Aquello hizo que Jill se riera.

– Sí, claro. Por eso estás dirigiendo la vida de todo el mundo desde tres mil kilómetros de distancia.

– ¿La vida de quién?

– La mía. La de Mac -respondió Jill.

Estaba segura de que había más, pero ella no sabía los nombres.

– Está bien. Lo único que he hecho ha sido ofrecer un poco de información.

Jill pensó en cómo su padre había salvado a Mac dos veces.

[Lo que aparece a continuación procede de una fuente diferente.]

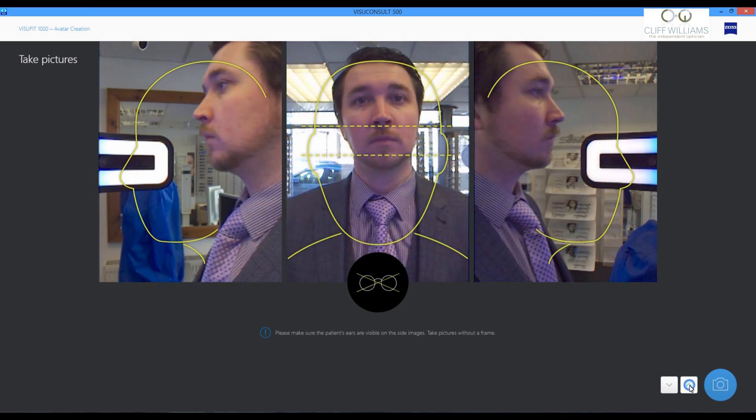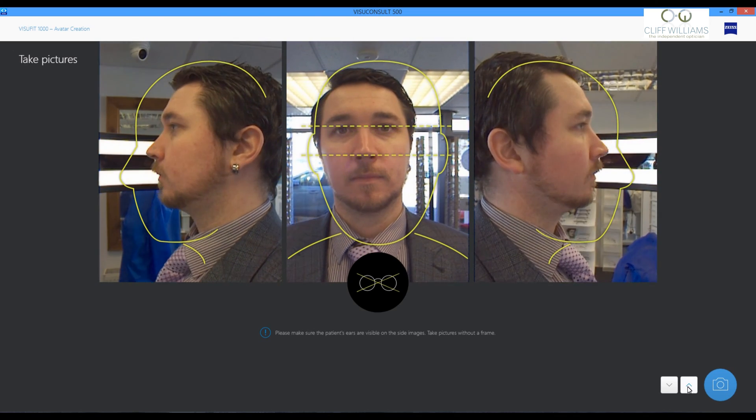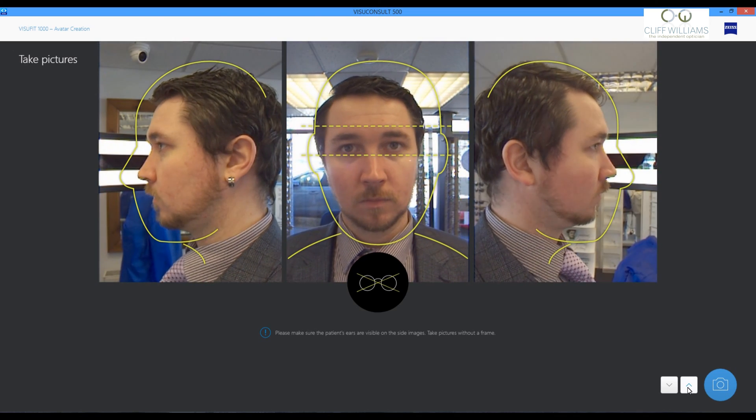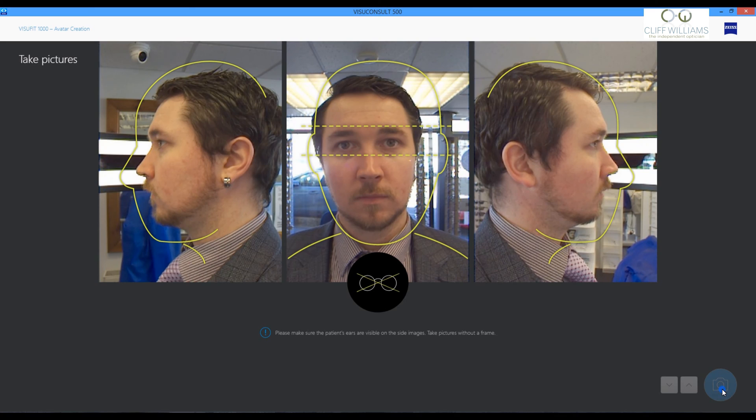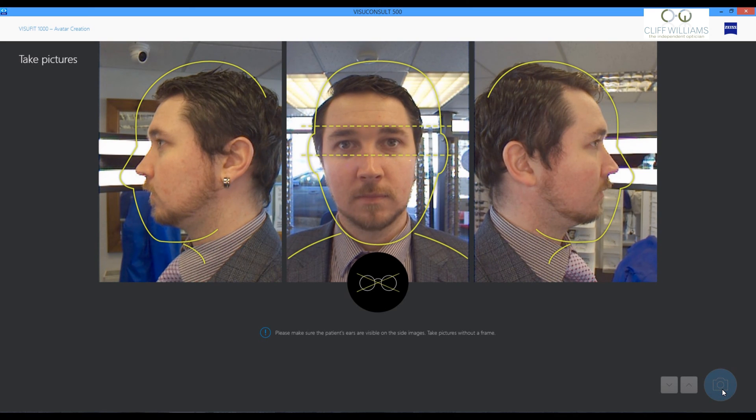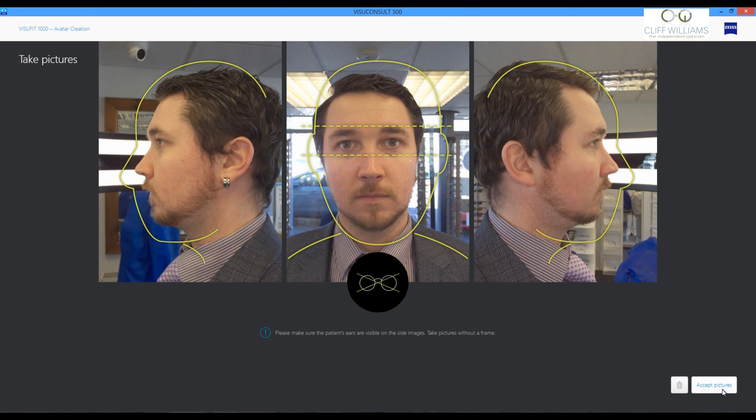So to make this easier, the latest upgrade allows us to take a picture without spectacles on. We can then put some key landmarks on this avatar.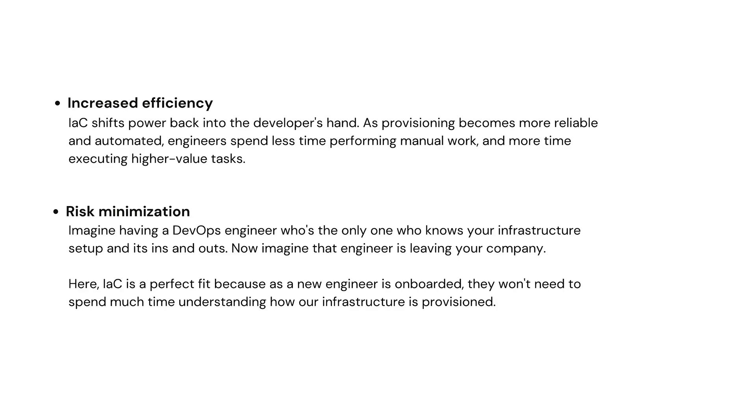Third one is increased efficiency. As provisioning becomes more reliable and automated, our engineers spend less time performing manual work and more time executing their tasks.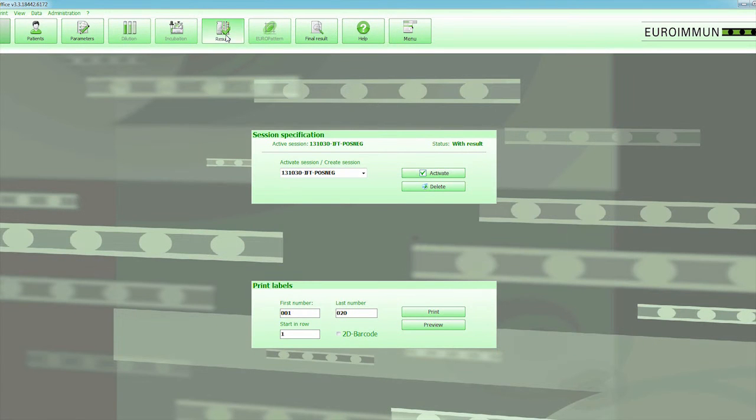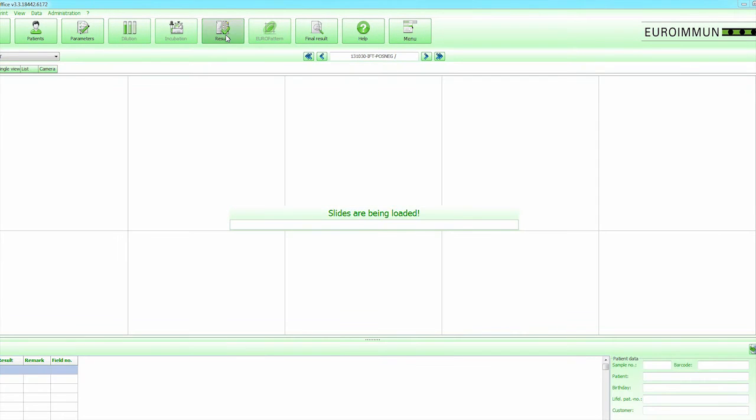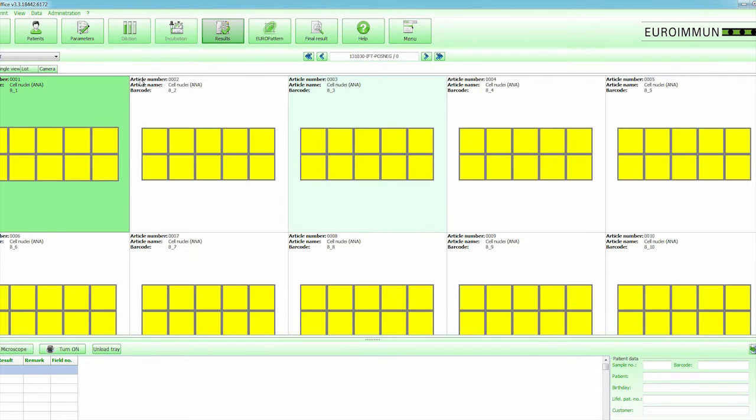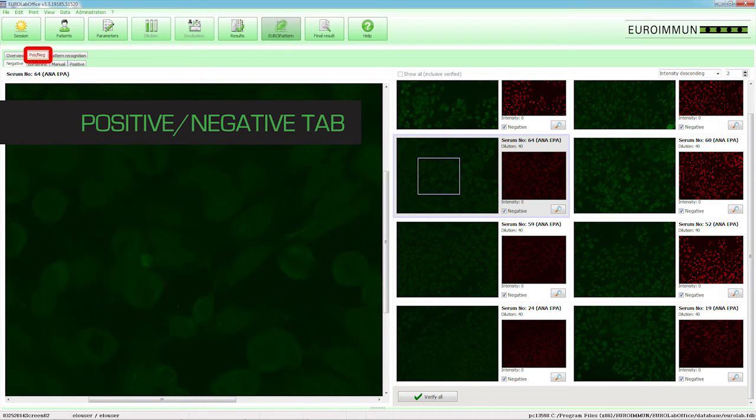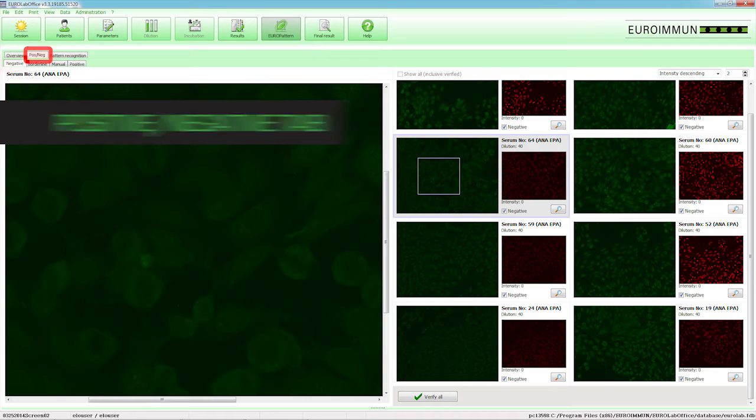Click on the Results button in the toolbar to display the overall view of results. In the Positive-Negative tab, all results are batched according to their qualitative results.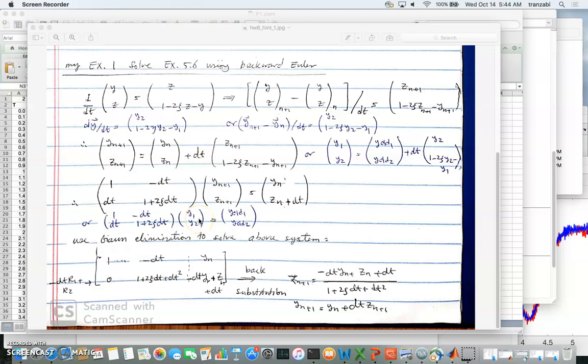Okay, welcome back to CHE 205. This is the next lecture on solving differential equations numerically using VBA script. In this video I'll be talking about solving the pendulum problem using backward Euler. Our goal is to use the VBA script, so if you remember we converted the pendulum problem, which is a second-order differential equation, to a system.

– Eres un buen hombre y te quiero.

– Yo también te quiero, cariño. Bueno, ¿y qué está pasando?

Ella tomó aire.

– Tina, mi secretaria, me odiaba, pero ahora está quitando todos los peces de las paredes, aunque los casos que tengo no me estimulan demasiado. Tengo el coche de Lyle y estoy intentando que algo o alguien lo abolle o le haga un buen rayón, pero parece que tiene un conjuro protector gitano, o algo así. Y también está Bev, que está saliendo con un tipo. Me encanta que esté saliendo con alguien, pero resulta que el tipo es un antiguo cliente mío que siempre ha estado en el crimen organizado, y yo no lo sabía exactamente porque todos los negocios que yo le llevaba eran legales. Y ahora tengo que decírselo a la tía, y no quiero -suspiró-. Además, Mac tiene problemas. Le dio un puñetazo a un tipo que se lo merecía, porque Andy maltrata a su mujer que está embarazada y es horrible, pero ahora a Mac lo van a acusar de agresión y en cuanto ocurra, va a perder la custodia de Emily. Y he estado yendo a entrevistas de trabajo y tengo una oferta estupenda en San Diego, y debería aceptarla porque es lo que quiero hacer con mi vida, pero parece que no soy capaz de tomar el teléfono y decir que sí. Oh, y la celebración del centenario del muelle es la semana que viene.

– Me parece un buen momento para una visita -dijo su padre, calmadamente.

– ¿Quieres venir aquí en este momento?

– No me lo perdería por nada del mundo.